I was so brave, honey...you would be proud of me. I cried and cried as I came to your side. I closed the curtain in the room, so I could truly be alone with you...one last time. I kissed you a million times and told you how much I loved you. I told you how you were the love of my life and what joy you had brought to me. I told you I knew you didn't believe in God, but that I did. I told you to go toward the light. I told you that I would always love you...forever. I told you I wouldn't say goodbye to you...that I knew I would be with you again one day. I kissed you all over your face and forehead and then I kissed your lips, even though you were still on the ventilator. I kissed your lips so many times and gently touched your face, your arm and held your swollen hand. The hardest thing I've ever done in my life, baby, was to walk out that door. I turned to gaze at you one more time and blew you a kiss. I broke down in the nurses arms. They were so very kind. I knew I had to be brave and I knew walking out that ICU unit that you would be in my heart forever.

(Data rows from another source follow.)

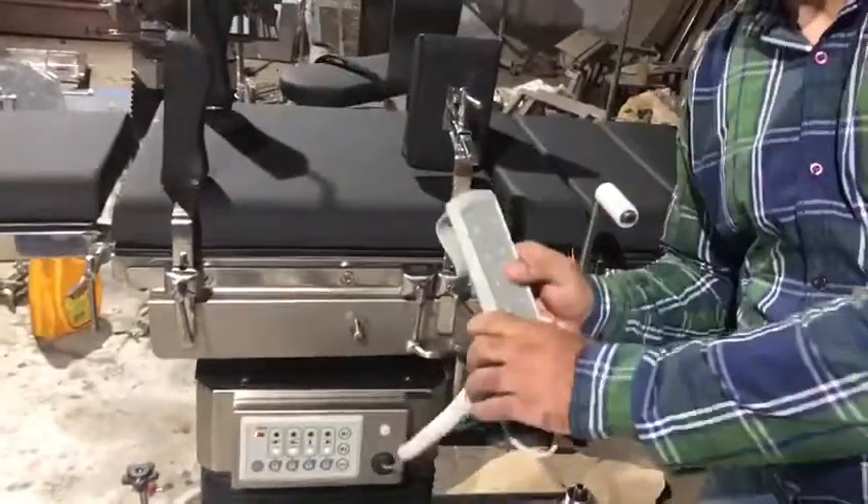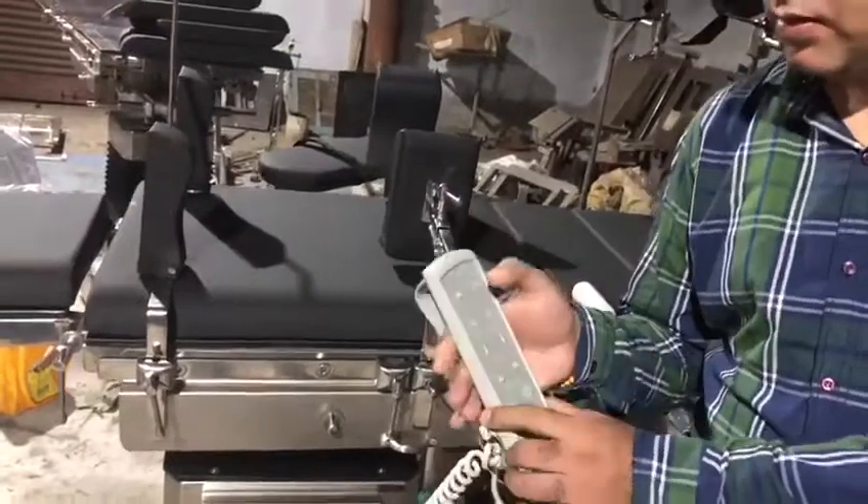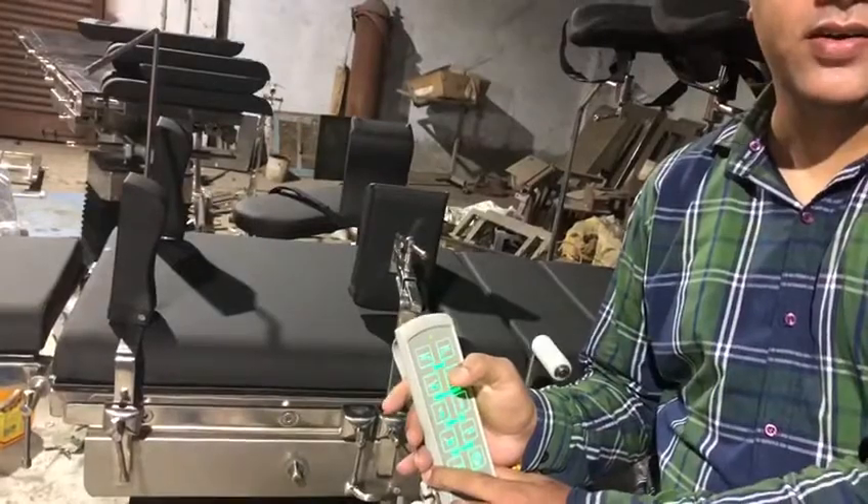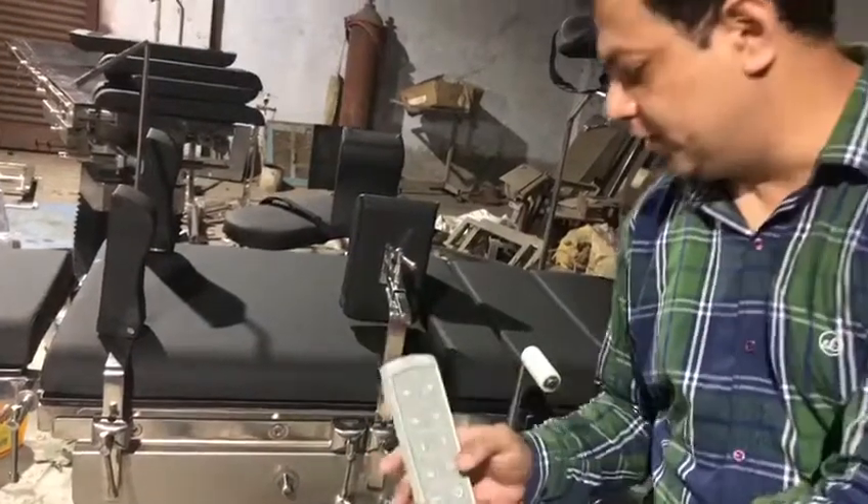The first one is a remote control. That controls all the positions which is up, down, side, tail, Trendelenburg and chair positions.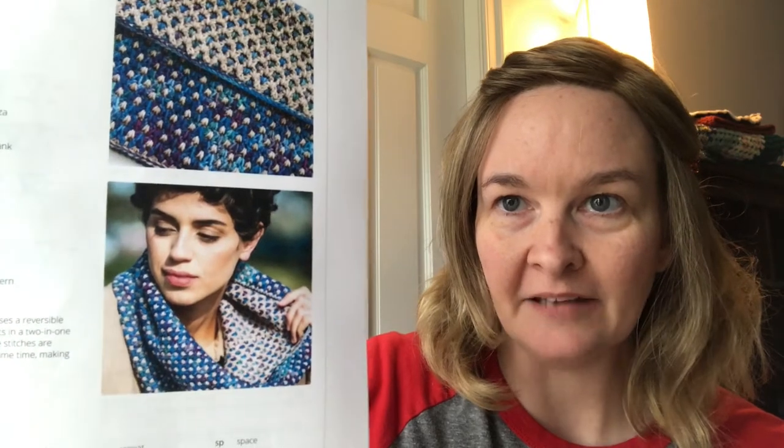Hopefully this will introduce you to some new patterns, or if you've already made them you can tell me how it went. So the first one I want to do is called the Dotty Cowl. Let me show you a picture — here it is. So pretty! It's crocheted with two different colors of yarn, and the sample was made with Malabrigo Sock yarn, so it's two skeins of sock yarn. It has a reversible look because of the way the stitches are, and I just think it looks really really neat.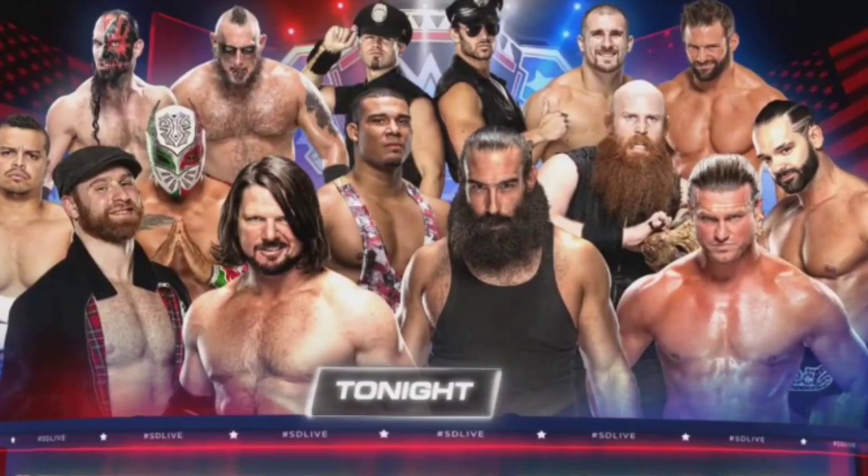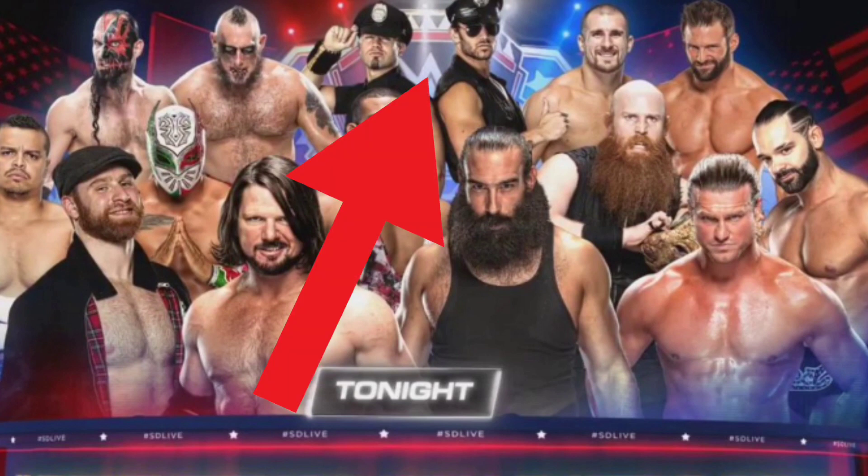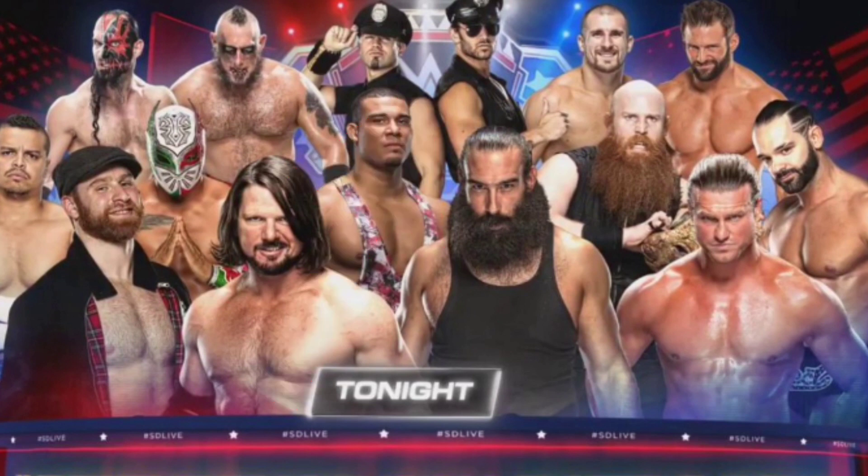You can see in the back of this graphic, it's a battle royal to try and find the number one contender for the US title. That is not the US title at the back. I don't know if this image has been tampered with or if this has been announced. I've not seen anyone talking about the fact that there is clearly a new belt design at the back of this graphic along the top. It's got what looks to be like the Statue of Liberty kind of headdress. It looks like it's got a blue face plate, red highlights, and white highlights in it.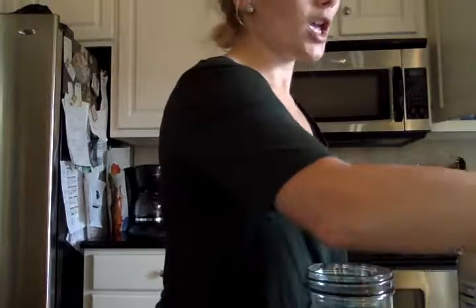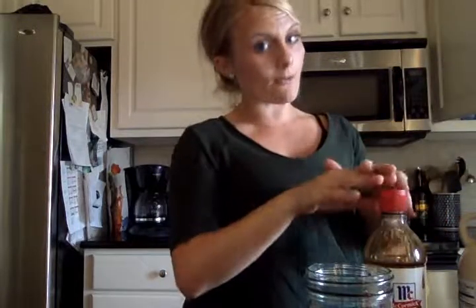You're going to need a mason jar, any size, as long as it can fit in the microwave. You're going to need a microwave. You're going to need vanilla — and the next few ingredients are for the pumpkin spice.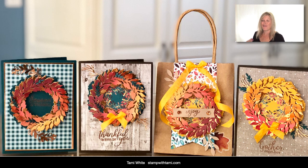Hi there, stampers and crafters! My name is Tammy White from stampwithtami.com and welcome to today's online crafting class where we are going to be making this set of gorgeous cards and gift bag. These were originally designed from the August Paper Pumpkin kit — the 2019 Gift of Fall kit that we got last month. I always do an alternate project every time the kits come out, and I had a lot of fun playing with some holiday catalog products.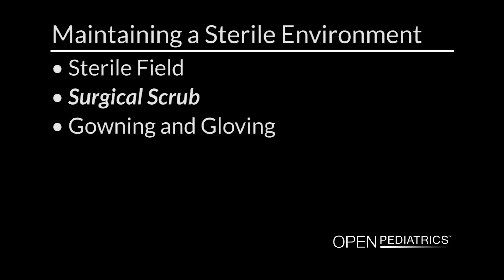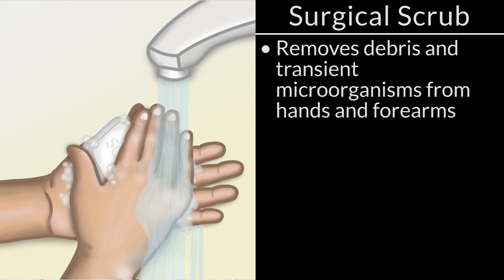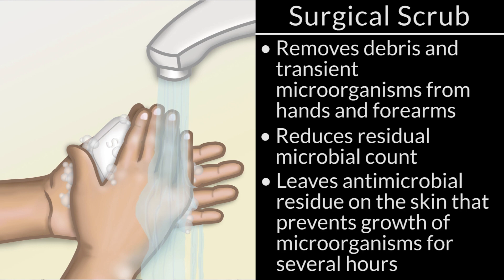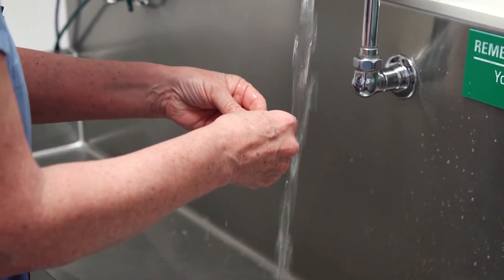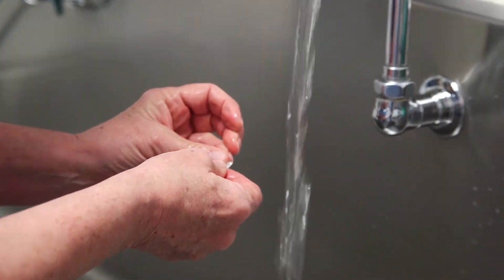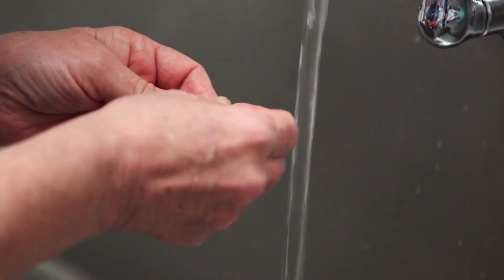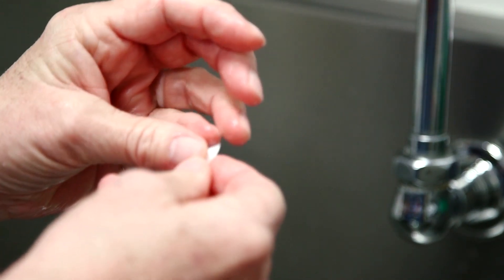Surgical Scrub. The surgical scrub is a process of removing debris and transient microorganisms from the hands and forearm, reducing the residual microbial count, and leaving an antimicrobial residue on the skin that will prevent growth of microorganisms for several hours. If this is the first scrub of the day, a three-minute scrub should be performed. As demonstrated here, the use of an antiseptic and water is utilized. A nail cleaner is first used to remove dirt and debris from underneath the nail bed.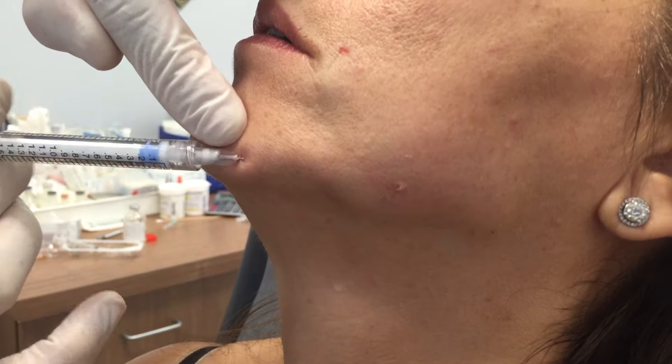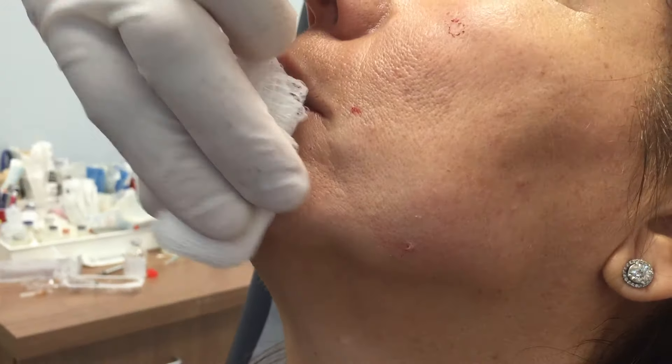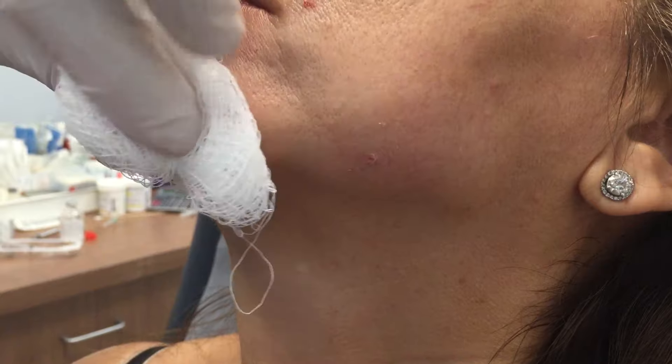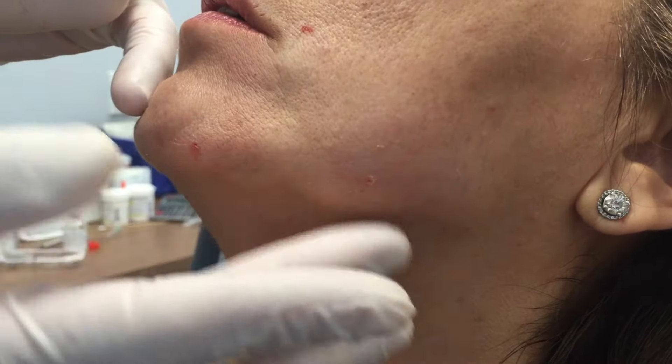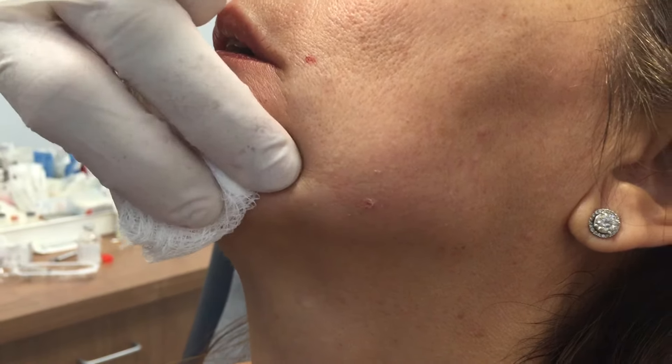I love Radiesse — it's very moldable and I blend it down with some lidocaine. If you pull back just a little bit, you can see how this area camouflages where that jowl is. You get a fill before and after it, so it's not going to make the jowl disappear, but it's certainly going to improve the appearance of it.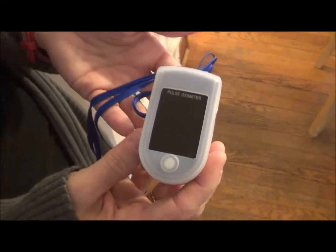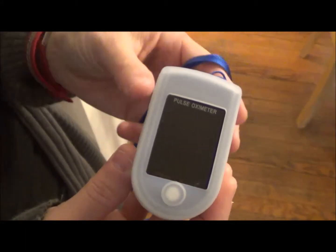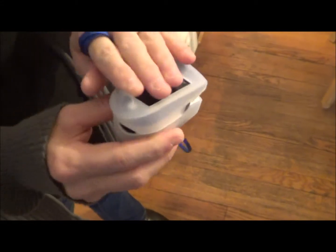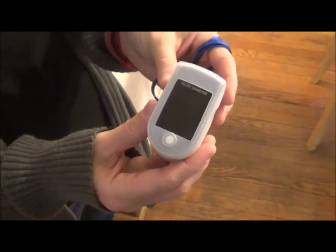It also measures your pulse or your heart rate. When you get this pulse oximeter, it comes with two AAA batteries that you place in the back. It also comes with a lanyard and a silicone cover that comes off, but that will add some protection to it.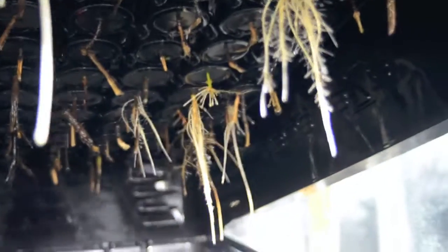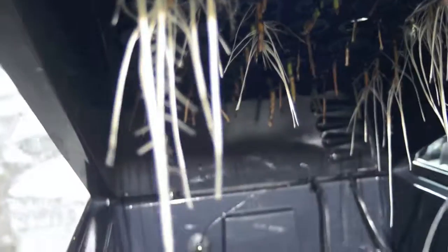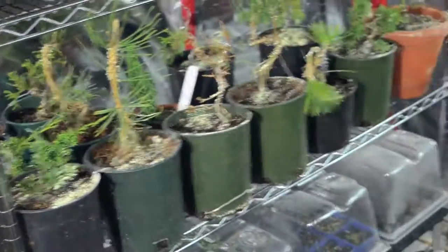Our results after three weeks are not bad at all. This one we got lots of good results — this is three weeks in the easy cloner. What usually takes about three or four months, sometimes a year, to root conifer, pine, cedar, etc., we've done so far in three weeks, all indoors.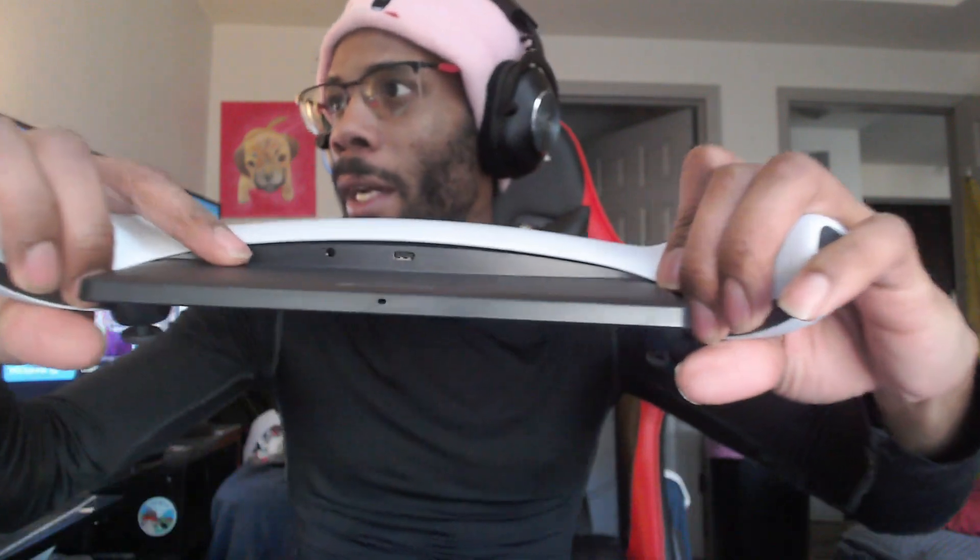Got the power button — I don't know what this button does — this is the volume. It has all the buttons you would expect. There's a mute button, and I'm assuming you can play online games here. The charge port is in the back right there. Let's see if it comes with some charge.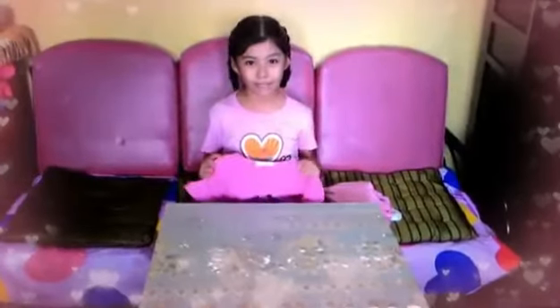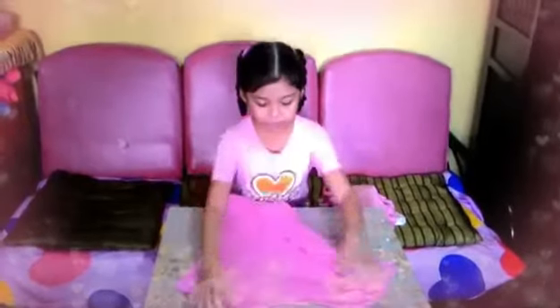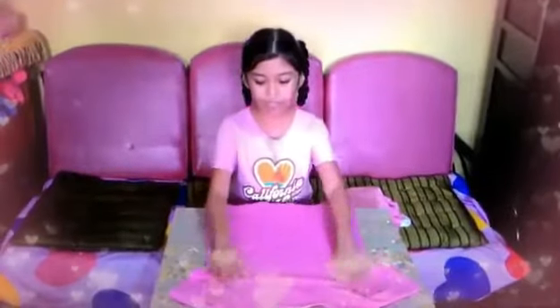Step 1. Place the t-shirt face down, then spread it on a flat surface so there won't be any wrinkles.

I finally arrive home and the calls begin to come in. My family knows the news first and Jess arrives to be with me. We talk about everything and we are both so sad. I am tired...mentally exhausted. Your brother calls at 12:30PM to tell me you died at 11:58PM. I thank him for calling. I needed to know that your journey to heaven was not long. So many emotions, baby...so much heartache...so much love and adoration for you. I will find peace in my heart and my memories of you will live on forever. You were the love of my life, Brent. I will cherish my memories of you and us forever and ever. Rest in peace, my darling.